ESGF / esgf-download

ESGF data transfer and replication tool
https://esgf.github.io/esgf-download/
BSD 3-Clause "New" or "Revised" License
15 stars 2 forks source link

Queries with matching files break insertion into database #5

Closed AtefBN closed 1 year ago

AtefBN commented 1 year ago

Steps to replicate: initial download query Second download query with matching files Result:

IntegrityError: (sqlite3.IntegrityError) UNIQUE constraint failed: 
file.file_id
[SQL: INSERT INTO file (file_id, dataset_id, master_id, url, version, 
filename, local_path, data_node, checksum, checksum_type, size, status, sha) 
VALUES (?, ?, ?, ?, ?, ?, ?, ?, ?, ?, ?, ?, ?)]

(Background on this error at: https://sqlalche.me/e/20/gkpj)
See 
/gpfscmip/gpfsdata/esgf/esgpull2/log/esgpull-update-2023-04-21_09-58-03.log 
for error log.
AtefBN commented 1 year ago

Further details: initial selection :

    distrib:       True                                                     
    experiment_id: piControl                                                
    frequency:     mon                                                      
    mip_era:       CMIP6                                                    
    source_id:     CESM2, CMCC-ESM2, CanESM5-CanOE, GISS-E2-1-G, UKESM1-0-LL
    variable_id:   dfe, mlotstmax, no3, phydiat, psl, si, tos, vo
    variant_label: r1i1p1f1           

Second selection :

    distrib:       True                                                     
    experiment_id: piControl                                                
    frequency:     mon                                                      
    mip_era:       CMIP6                                                    
    source_id:     CESM2, CMCC-ESM2, CanESM5-CanOE, GISS-E2-1-G, UKESM1-0-LL
    variable_id:   dfe, mlotstmax, no3, phydiat, psl, si, tos, vo           
AtefBN commented 1 year ago

When running esgpull update <tag of the second selection> User is prompted with a download confirmation message, which subsequently fails:

846 new files (1.4 TiB).
Send to download queue? [y/n] (y): y
IntegrityError: (sqlite3.IntegrityError) UNIQUE constraint failed: 
file.file_id
[SQL: INSERT INTO file (file_id, dataset_id, master_id, url, version, 
filename, local_path, data_node, checksum, checksum_type, size, status, sha) 
VALUES (?, ?, ?, ?, ?, ?, ?, ?, ?, ?, ?, ?, ?)]
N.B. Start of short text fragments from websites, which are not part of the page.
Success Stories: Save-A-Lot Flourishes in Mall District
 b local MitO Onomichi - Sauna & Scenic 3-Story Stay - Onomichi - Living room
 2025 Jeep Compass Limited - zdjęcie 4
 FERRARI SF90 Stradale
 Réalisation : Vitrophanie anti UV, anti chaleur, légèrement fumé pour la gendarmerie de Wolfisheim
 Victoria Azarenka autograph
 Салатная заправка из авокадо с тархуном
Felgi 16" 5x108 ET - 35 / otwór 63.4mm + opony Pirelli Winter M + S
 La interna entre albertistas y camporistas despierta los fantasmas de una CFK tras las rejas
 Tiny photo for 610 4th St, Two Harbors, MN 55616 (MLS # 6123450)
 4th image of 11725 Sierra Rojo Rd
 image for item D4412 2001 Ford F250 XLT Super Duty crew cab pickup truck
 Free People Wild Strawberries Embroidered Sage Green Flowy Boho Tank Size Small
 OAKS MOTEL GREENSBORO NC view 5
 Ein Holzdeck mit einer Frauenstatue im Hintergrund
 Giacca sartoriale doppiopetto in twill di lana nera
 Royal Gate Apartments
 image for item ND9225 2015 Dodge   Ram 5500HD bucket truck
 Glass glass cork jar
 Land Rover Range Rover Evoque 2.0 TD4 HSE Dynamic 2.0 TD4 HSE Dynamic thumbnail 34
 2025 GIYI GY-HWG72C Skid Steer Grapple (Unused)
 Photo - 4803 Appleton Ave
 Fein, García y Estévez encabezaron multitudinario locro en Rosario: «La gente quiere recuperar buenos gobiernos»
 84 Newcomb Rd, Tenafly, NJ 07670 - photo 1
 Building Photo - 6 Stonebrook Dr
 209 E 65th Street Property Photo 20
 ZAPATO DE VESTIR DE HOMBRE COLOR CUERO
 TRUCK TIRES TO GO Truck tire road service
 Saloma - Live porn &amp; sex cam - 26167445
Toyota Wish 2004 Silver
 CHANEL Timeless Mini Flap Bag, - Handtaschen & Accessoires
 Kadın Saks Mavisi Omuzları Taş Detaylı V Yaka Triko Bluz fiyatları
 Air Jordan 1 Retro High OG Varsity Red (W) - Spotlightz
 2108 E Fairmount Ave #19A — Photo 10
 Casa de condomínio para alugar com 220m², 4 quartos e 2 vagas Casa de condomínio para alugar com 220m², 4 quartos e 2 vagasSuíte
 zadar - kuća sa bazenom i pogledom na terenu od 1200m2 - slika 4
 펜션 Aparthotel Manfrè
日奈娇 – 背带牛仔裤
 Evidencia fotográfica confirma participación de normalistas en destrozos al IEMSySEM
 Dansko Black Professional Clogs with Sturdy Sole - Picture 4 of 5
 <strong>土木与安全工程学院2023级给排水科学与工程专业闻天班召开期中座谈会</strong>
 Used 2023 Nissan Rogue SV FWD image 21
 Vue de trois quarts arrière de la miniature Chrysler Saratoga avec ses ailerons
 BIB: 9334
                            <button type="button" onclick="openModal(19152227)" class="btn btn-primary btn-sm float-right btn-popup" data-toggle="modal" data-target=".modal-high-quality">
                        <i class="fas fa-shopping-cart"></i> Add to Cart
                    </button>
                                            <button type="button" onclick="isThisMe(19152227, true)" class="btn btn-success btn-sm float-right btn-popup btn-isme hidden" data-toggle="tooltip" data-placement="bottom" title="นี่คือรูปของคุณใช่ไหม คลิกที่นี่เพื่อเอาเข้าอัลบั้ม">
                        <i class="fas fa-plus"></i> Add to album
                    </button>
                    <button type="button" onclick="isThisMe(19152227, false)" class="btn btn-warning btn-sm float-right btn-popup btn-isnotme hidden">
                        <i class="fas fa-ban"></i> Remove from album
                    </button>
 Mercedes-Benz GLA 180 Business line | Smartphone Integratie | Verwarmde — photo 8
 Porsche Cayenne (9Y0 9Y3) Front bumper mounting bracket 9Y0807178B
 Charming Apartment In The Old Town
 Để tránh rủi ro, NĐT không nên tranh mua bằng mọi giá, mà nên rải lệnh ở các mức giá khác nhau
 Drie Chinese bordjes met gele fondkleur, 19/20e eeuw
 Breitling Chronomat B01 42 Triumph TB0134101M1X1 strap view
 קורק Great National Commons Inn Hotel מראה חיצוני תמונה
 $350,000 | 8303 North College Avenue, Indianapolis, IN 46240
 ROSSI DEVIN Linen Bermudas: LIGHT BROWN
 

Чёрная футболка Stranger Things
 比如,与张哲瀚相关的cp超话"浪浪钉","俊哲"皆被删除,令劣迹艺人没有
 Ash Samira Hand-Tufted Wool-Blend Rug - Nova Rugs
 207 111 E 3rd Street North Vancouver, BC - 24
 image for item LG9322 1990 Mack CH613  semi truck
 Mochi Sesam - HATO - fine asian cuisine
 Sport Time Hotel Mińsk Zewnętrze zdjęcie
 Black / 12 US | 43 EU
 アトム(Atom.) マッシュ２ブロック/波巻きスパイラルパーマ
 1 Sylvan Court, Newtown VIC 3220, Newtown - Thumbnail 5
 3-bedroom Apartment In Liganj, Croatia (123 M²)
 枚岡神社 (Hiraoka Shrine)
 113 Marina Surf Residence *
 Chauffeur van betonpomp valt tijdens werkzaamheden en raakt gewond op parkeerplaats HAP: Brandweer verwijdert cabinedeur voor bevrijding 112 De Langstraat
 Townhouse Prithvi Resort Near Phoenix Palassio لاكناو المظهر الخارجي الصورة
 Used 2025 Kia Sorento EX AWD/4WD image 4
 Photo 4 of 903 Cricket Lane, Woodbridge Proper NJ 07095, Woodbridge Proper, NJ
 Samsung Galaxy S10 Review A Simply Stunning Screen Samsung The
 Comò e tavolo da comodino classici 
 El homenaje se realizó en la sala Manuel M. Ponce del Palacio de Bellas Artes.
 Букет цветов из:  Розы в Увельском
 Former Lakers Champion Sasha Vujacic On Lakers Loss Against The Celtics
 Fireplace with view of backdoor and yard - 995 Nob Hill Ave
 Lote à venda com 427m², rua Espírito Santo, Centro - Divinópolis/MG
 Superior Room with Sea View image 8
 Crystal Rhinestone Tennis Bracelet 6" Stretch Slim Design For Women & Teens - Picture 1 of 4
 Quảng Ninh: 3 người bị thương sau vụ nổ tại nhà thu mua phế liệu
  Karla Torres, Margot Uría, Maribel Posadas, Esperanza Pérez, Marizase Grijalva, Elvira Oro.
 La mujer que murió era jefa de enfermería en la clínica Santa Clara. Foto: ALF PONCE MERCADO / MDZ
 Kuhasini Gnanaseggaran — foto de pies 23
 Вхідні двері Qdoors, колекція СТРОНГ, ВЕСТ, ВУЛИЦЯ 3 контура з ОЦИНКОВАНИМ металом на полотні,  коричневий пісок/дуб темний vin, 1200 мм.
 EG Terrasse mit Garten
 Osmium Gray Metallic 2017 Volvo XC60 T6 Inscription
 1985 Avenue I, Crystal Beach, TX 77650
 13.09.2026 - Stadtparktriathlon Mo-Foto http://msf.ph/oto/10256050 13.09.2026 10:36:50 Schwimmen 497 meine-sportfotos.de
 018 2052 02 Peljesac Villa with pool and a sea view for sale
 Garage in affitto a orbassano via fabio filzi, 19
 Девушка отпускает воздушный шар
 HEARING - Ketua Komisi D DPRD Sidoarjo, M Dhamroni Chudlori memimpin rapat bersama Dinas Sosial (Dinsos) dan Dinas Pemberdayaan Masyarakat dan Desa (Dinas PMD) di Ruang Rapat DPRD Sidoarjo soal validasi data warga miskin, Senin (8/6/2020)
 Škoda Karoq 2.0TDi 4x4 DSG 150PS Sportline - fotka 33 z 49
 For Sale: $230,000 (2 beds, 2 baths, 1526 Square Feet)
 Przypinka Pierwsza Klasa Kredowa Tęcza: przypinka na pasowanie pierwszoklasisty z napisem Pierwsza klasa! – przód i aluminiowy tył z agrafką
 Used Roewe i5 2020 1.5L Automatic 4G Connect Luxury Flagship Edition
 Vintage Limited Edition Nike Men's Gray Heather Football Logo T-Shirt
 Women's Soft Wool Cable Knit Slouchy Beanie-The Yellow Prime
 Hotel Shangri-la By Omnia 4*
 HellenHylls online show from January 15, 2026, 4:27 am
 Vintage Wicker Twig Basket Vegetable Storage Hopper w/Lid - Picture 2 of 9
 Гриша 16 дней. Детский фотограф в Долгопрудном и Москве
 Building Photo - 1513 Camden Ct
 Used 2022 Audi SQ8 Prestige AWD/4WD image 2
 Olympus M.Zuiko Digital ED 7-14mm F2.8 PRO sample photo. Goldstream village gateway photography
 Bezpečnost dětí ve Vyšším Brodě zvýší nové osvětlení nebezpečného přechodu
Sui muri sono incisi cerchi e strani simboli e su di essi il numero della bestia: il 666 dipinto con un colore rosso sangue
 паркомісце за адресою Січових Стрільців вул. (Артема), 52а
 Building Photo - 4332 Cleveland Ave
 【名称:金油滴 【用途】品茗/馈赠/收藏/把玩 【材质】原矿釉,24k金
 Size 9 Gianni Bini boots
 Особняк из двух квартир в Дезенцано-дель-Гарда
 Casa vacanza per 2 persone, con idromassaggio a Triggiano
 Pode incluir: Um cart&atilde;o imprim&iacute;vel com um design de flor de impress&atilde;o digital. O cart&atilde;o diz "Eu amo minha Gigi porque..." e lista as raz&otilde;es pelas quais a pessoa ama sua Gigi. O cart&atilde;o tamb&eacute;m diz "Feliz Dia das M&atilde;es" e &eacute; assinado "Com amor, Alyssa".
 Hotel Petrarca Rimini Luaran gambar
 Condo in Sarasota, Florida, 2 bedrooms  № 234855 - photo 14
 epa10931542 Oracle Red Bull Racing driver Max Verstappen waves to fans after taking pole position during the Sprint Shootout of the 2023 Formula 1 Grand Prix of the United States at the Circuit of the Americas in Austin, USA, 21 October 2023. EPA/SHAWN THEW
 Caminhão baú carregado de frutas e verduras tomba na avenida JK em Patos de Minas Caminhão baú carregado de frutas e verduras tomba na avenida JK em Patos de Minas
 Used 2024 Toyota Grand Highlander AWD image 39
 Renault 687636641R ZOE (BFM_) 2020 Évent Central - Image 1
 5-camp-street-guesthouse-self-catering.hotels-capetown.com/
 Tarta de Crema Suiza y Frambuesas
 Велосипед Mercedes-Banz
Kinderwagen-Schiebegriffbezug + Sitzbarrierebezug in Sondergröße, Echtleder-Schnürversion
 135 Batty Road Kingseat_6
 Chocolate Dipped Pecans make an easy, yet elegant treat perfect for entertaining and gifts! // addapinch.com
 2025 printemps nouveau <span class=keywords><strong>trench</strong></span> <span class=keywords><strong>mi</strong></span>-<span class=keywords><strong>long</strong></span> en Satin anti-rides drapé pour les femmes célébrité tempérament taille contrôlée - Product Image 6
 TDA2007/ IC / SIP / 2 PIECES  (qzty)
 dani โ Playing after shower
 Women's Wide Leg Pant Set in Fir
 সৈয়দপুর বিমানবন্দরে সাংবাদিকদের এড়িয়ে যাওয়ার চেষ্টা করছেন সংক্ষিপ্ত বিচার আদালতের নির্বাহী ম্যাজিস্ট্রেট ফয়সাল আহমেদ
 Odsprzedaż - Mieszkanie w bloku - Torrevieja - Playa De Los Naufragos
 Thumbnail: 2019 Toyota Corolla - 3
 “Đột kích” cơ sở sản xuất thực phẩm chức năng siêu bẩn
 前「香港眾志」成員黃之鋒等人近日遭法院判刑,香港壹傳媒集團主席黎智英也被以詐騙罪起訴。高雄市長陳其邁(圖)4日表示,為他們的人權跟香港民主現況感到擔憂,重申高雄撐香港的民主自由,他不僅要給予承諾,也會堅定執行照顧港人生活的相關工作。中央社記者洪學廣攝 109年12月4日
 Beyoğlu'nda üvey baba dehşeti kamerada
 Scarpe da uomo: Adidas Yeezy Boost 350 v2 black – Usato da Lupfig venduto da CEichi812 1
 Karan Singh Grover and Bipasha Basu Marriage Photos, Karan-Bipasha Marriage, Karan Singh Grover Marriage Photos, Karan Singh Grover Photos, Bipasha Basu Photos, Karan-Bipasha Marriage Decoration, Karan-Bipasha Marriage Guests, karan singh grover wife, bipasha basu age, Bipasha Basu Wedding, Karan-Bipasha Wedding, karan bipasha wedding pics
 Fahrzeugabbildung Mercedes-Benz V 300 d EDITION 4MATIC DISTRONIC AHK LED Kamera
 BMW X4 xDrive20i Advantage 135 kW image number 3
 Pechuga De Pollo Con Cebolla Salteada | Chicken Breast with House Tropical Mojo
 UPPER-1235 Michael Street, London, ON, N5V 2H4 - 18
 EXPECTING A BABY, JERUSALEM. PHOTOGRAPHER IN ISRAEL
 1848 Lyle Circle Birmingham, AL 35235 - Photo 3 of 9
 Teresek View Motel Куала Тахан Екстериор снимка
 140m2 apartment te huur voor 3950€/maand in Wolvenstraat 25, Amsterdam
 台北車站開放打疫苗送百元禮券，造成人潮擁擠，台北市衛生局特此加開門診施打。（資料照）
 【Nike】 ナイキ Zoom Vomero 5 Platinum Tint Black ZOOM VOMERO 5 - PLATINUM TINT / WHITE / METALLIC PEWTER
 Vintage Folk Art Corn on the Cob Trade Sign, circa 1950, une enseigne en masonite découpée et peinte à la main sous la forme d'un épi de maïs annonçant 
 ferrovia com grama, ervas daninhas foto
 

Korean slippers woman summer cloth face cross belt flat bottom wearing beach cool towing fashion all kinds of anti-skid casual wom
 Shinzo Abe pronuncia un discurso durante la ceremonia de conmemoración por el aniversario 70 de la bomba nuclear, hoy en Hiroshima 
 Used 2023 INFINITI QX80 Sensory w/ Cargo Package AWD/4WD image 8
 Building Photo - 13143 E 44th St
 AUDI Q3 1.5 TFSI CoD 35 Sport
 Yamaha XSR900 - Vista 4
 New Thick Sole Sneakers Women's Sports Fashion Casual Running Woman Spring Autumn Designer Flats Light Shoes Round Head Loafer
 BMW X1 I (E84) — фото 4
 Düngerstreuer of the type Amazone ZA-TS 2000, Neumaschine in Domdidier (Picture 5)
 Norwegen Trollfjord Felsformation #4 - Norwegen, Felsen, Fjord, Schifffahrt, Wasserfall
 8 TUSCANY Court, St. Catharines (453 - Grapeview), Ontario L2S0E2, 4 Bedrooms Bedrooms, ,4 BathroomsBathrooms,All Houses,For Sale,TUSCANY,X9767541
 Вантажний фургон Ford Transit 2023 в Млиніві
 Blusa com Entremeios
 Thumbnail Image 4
(Background on this error at: https://sqlalche.me/e/20/gkpj)
See 
/gpfscmip/gpfsdata/esgf/esgpull2/log/esgpull-update-2023-04-21_10-25-03.log 
for error log.
Aborted!
svenrdz commented 1 year ago

For the record, this issue has been identified as caused by non-matching checksum fields on 2 replicas of the same file, and has nothing to do with multiple queries pointing to the same files. This case of miscomputed checksums is currently unhandled and gives the error provided here.

One solution might be to ignore all replicas of that file, since downloading either will probably raise when the file's checksum is computed.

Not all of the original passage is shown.